Define $h(t,p) = \frac{g(t,p) - g(0,p)}{t}$. Prove the following statement:
The bivariate function \begin{align} \frac{\partial h(t,p)}{\partial t} \end{align} can be extended as a continuous function on $(t,p)\in [0,1/2]\times [0,1]$.
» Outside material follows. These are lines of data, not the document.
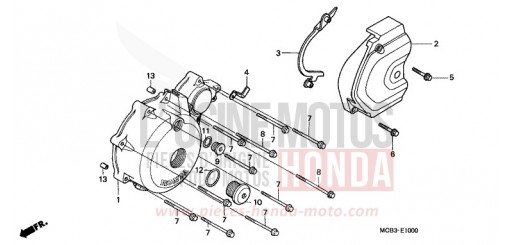 LEFT CRANKCASE COVER XL650V1 de 2001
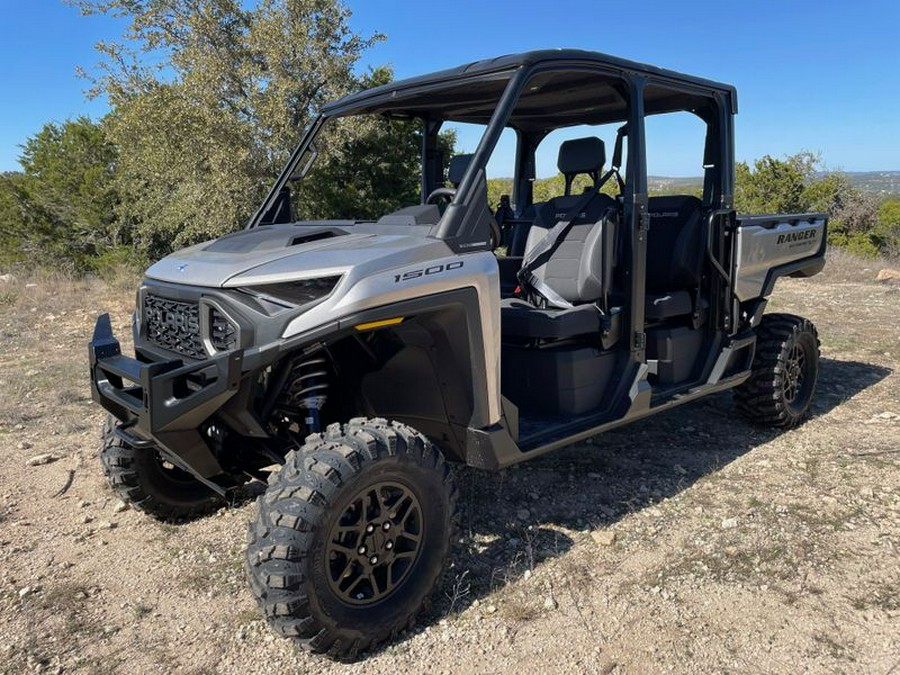 New 2024 POLARIS RANGER CREW XD 1500 PREMIUM TURBO SILVER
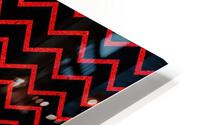 Red Chevron Glitter HD Metal print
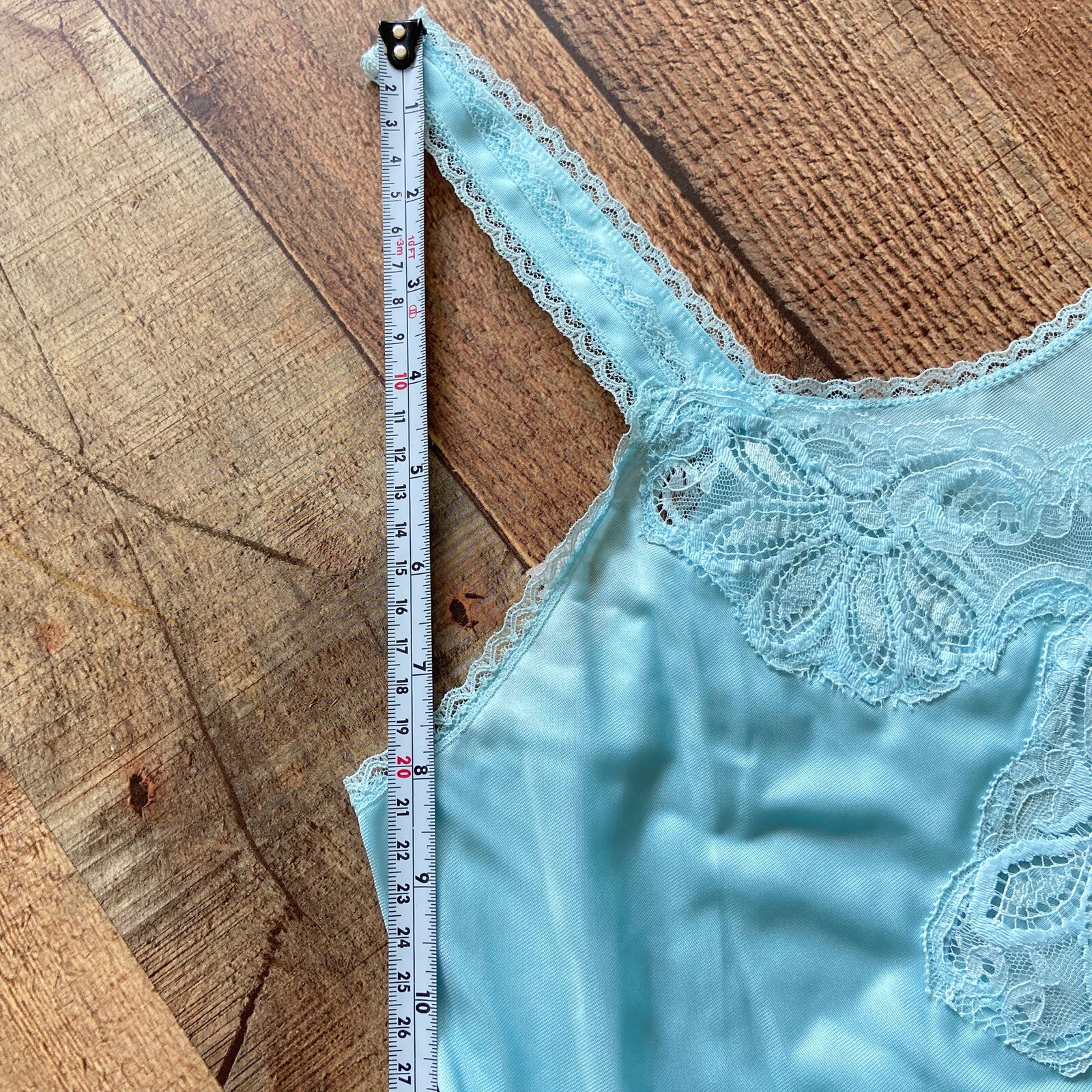 NWT Vintage Shadowline Peignoir China Blue Small 2 Piece Nightgown Robe Lace USA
For $t>0$, the formula for $h(t,p)$ is well defined and we have that
$$h(t,p)=\frac{{\left(1+p\left(e^t-1\right)\right)}^\frac{1}{t}-e^p}{t}$$
In that range, $h(t,p)$ is differentiable and we have that $\frac{\partial}{\partial t}h(t,p)$ equals
$$\frac {\Big[- \left( p{{\rm e}^{t}}-p+1 \right) ^{{t}^{-1}}\ln \left( p{ {\rm e}^{t}}-p+1 \right) {{\rm e}^{t}}p+{{\rm e}^{p+t}}pt+ \left( p{ {\rm e}^{t}}-p+1 \right) ^{{t}^{-1}}\ln \left( p{{\rm e}^{t}}-p+1 \right) p + \left( p{{\rm e}^{t}}-p+1 \right) ^{{t}^{-1}}pt-{{\rm e}^{ p}}pt- \left( p{{\rm e}^{t}}-p+1 \right) ^{{t}^{-1}}\ln \left( p{ {\rm e}^{t}}-p+1 \right) - \left( p{{\rm e}^{t}}-p+1 \right) ^{{t}^{-1 }}t+{e}^pt\Big]}{t^3 \left( p{e}^t-p+1 \right) } $$
It suffices to show that $\frac{\partial}{\partial t}h(t,p)$ is bounded near $t=0$. This can be done by calculating the limit $\lim_{t\to0}\frac{\partial}{\partial t}h(t,p)$ in the previous expression, through repeated applications of L'Hôpital, although the specific caluclations become rather involved.
I used Maple and found the limit to be
$$\lim_{t\to0}\frac{\partial}{\partial t}h(t,p)=\frac{1}{24}\,{{\rm e}^{p}}p \left( 3\,{p}^{3}+2\,{p}^{2}-9\,p+4 \right) $$